Wie wird das Projekt bei Ihnen abgewickelt und welche Lieferanten sind mit im Boot?
Bei der Umstellung auf grünen Stahl handelt es sich um die größte Veränderung in der über 100-jährigen Geschichte von Tata Steel Nederland. Wir drehen unsere gesamten Anlagen und Prozesse auf links. Das Gesamtprojekt wird daher von einem internen Projekt- und Nachhaltigkeitsteam mit enger Unterstützung der wichtigsten Lieferanten umgesetzt. McDermott ist verantwortlich für den konstruktiven Input und die Unterstützung des technischen Projektmanagements. Danieli ist verantwortlich für das technische Design der Anlage, die das reduzierte Eisen (DRI) liefert, den 1. Schritt im Eisenherstellungsprozess. Hatch ist der Technologielizenzgeber der Elektroöfen (SAF), die den DRI schmelzen. Die beiden Anlagen sind eng miteinander verknüpft und bilden ein integriertes Produktionssystem, dass in der Lage sein wird, alle Stahlqualitäten zu produzieren.
Ändert das Projekt ihre bisherigen Ausstöße?
Was CO2-Ausstöße angeht, absolut ja. Unsere Strategie sieht vor, bis 2030 40 Prozent weniger auszustoßen und 2045 klimaneutral zu sein. Was die Produktionskapazität angeht, wollen wir jedoch auf derzeitigem Niveau bleiben. Wir produzieren in IJmuiden sieben Millionen Tonnen Stahl pro Jahr und dieser Prozess muss am Laufen bleiben, während wir die neuen Anlagen bauen. Wir erwarten, dass im Jahr 2026/27 circa 3.000 Mitarbeiter unsere alten Anlagen fahren und zur gleichen Zeit 2.000 Mitarbeiter sich um die Installation der neuen Anlagen kümmern. Es ist ein richtig großes Projekt und wir sind hochmotiviert dieses anzugehen. Wir gehören zu den ersten, die solche Maßstäbe und ein paralleles Vorgehen planen, aber ich bin mir sicher, dass die Wettbewerber in Europa auch bald nachziehen werden.
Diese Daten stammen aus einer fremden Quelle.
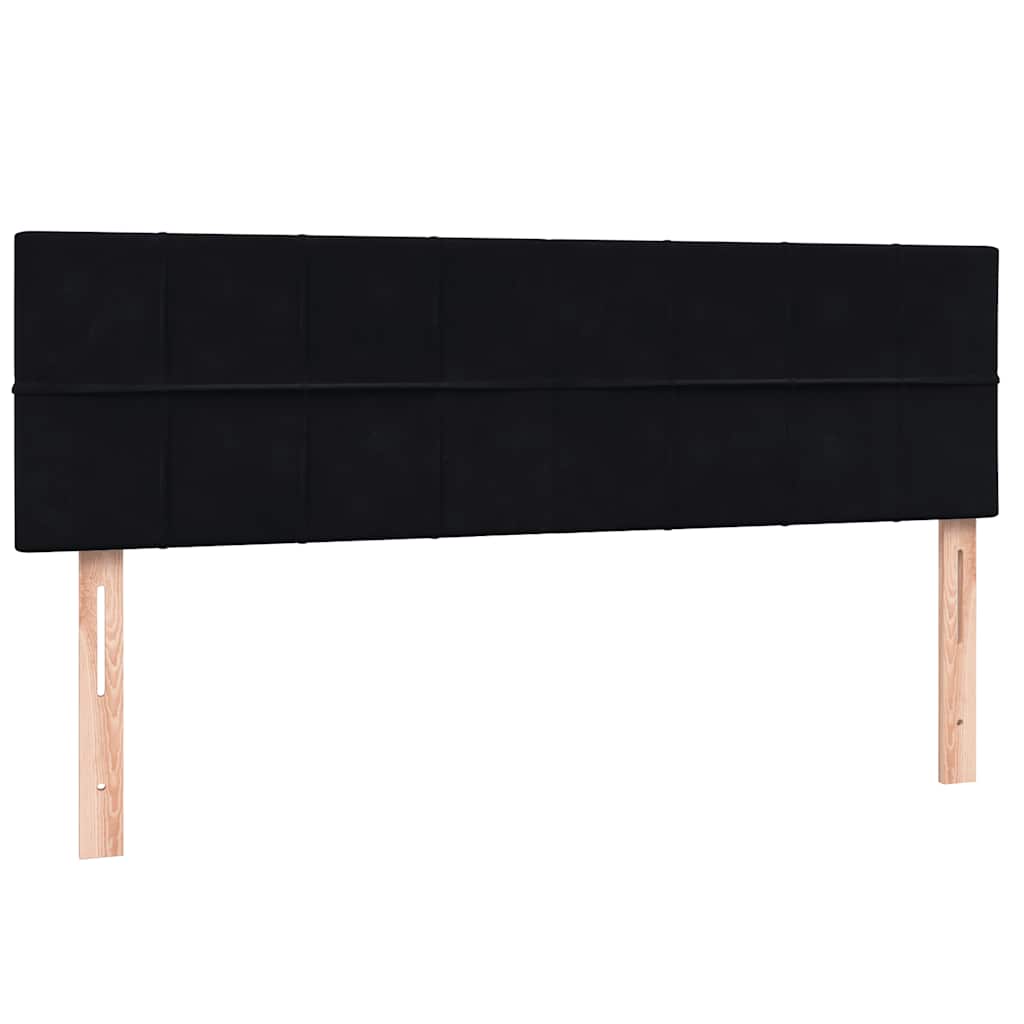 Boxspring met matras en LED fluweel zwart 140x210 cm – afbeelding 7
65 Millionen Euro sind eine immense Investition. Das ist ein gewaltiger Schritt in eine nachhaltigere Zukunft…
Der große Vorteil den wir als Stahlindustrie haben ist, dass Stahl auch zukünftig gebraucht wird. Unser Produkt steht nicht infrage. Das ist anders als etwa bei Erdöl, wo wir das fossile Zeitalter gänzlich hinter uns lassen wollen. Wir müssen nur eine andere Art und Weise finden Stahl zu produzieren. Ausschließlich Recycling, sprich sekundäre Stahlerzeugung, reicht nicht um die Stahlnachfrag zu decken. Daher wollen wir die primäre Stahlerzeugung sauber und umweltfreundlich aufstellen. Die zwölf Millionen Tonnen CO2, die wir pro Jahr ausstoßen, sind 8 Prozent vom totalen CO2-Ausstoß der Niederlande. Auch weltweit hochgerechnet sind die CO2-Ausstöße von Stahlherstellern ungefähr acht Prozent. Das ist viel, aber wenn man das löst, sind wir schon einen großen Schritt weiter.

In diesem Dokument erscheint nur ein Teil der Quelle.